Introduction
Aristotle on Essential Nature
Ockham's Theory of Descriptions
Ockham on Connotation
Buridan on Connotation
Cajetan on Nominal Essence
Arnauld on Nominal Definition
Locke on Nominal Definition
Mill's famous definition
Peirce on Comprehension and Extension
Joseph on Ockham on Connotation
Russell on Denoting
Frege on Connotation
For a connected piece, see Mill's comments on the distinction between accidental and essential propositions, also in the Logic Museum here.
Here is a collection of pieces, ranging from Aristotle to Frege, on the related subjects of connotation and denotation,
nominal and real essence, and nominal and real definition.
The distinction between nominal and real essence originates with Aristotle.
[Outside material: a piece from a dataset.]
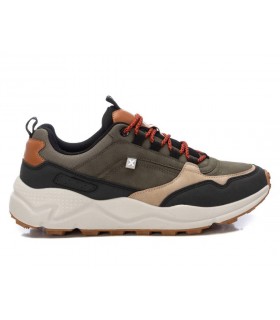 Zapato sport caqui con cordones. Suela gruesa beige y caramelo.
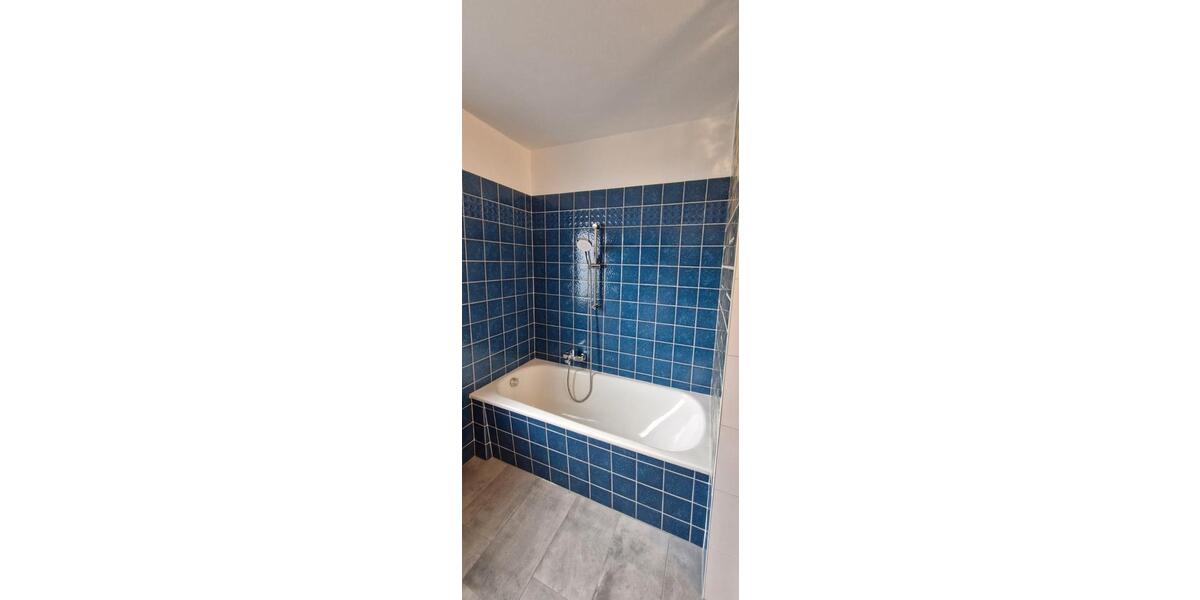 Erdgeschoßwohnung Heide - 3 Zimmer, 100 m&sup2;, 1.020&euro; | Angebot:26624185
In the passage from the Posterior Analytics below, he argues that we can know the meaning of a made up name
(he gives the example 'goat stag') that denotes nothing, without knowing what he calls the 'essential nature'
of the thing that the name would denote, if there were such a thing.
These brief remarks, as with many of his brief remarks,
are the starting point of a huge controversy and discussion which lasts throughout the Middle Ages,
which occupies a defining position in the early modern era (it occupies most of book III of Locke's Essay Concerning Human Understanding),
and which is a philosophical issue today (I would like to have included some representative pieces from the 'analytic' era,
such as by Putnam and Kripke, but copyright reasons prevent this).
They imply the following distinctions.
First, between the meaning of a name such as 'man',
which the medieval logicians called the quid nominis or 'whatness of the name',
and the underlying nature common to all the things it names, which they called the quid rei or 'whatness of the thing'.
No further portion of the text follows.